I’m testing a setup to do retrieval with 7GB of data about companies. Data organized in small json snippets, stored in files in jsonl format
I’m uploading about thousand of these jsonl files and asking assistant a simple question, it does find something relevant but omg why is it using almost 6000 tokens in the input?!
I feel like I’m missing something obvious. The cost will be pretty significant: 4$ per 1k searches like this
The data will not be chunked by “logical JSON snippet”. It will be chunked by token counts of documents.
Your input cost with limitless top data can be 20 x (800) or even 20 x (1200 or 1600) - depending on how their overlap documented is interpreted. The only constraint would be the probability of document end “tails” there are with less than 800, if they don’t simply ensure the last chunk is also 800 from end.
You could do some clever preprocessing if performing embeddings on the initial single JSON yourself. After obtaining embeddings (perhaps 2B tokens?) they could then be ranked in 1D space by distances from tasks or whatever amount of nearly free iterative computations you can do overnight on a workstation to sort. To then cluster yourself for highly focused sections.

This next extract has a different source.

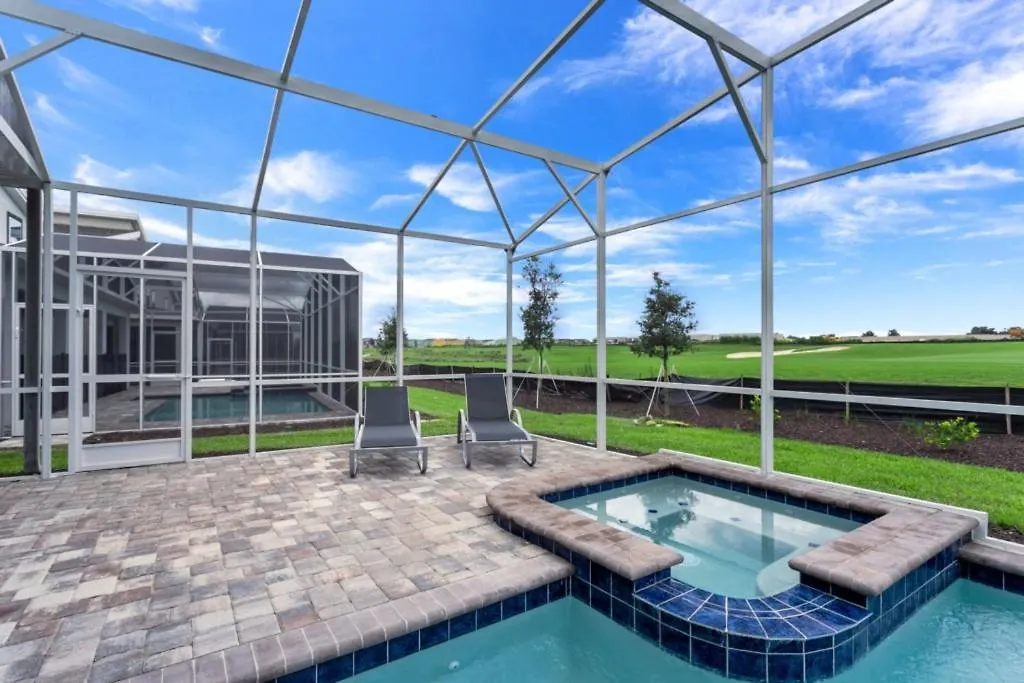 Beautiful 9bd Pool Hm, Game Champions Gate-701pbd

Of course, if paying for embeddings once on individual items with embeddings targeting the actual data, why would you continue to pay daily for GB of vector database that is (DATA * (>150%) + 1Kvector) * chunks which is confused by literal mixed messaging?
A forum search for “use case” - to 10 days after release of Assistants, an adequate exploration does indeed already place such a rhetorical question in one’s mind.
I’ve tested it with another, more traditional use case—analyzing a bunch of PDFs to find savings. It worked pretty well.
I need to search how people solve the problem of dynamically attaching relevant documents to vector store so token usage is minimized, and the cost of file storage is manageable. This problem is actually two related ones: and how to keep track of document metadata, how to find (with some kind of search) what documents are relevant (scope them) and then attach them to vector stores,
When openai solves this problem with lookups and scope - via metadata management perhaps - it will be a blockbuster RAG!
Nice! But i got confused. This new chunking_strategy parameter is used with client.beta.vector_stores.files.create() and requires a file_id. So, before that, we have to upload a file using client.files.create() right? My confusion is that I believed that the chunking was done right when we uploaded the file, using this files.create() but to be done with vector_stores.files.create() it reveals that the first part do not chunk it… is that right?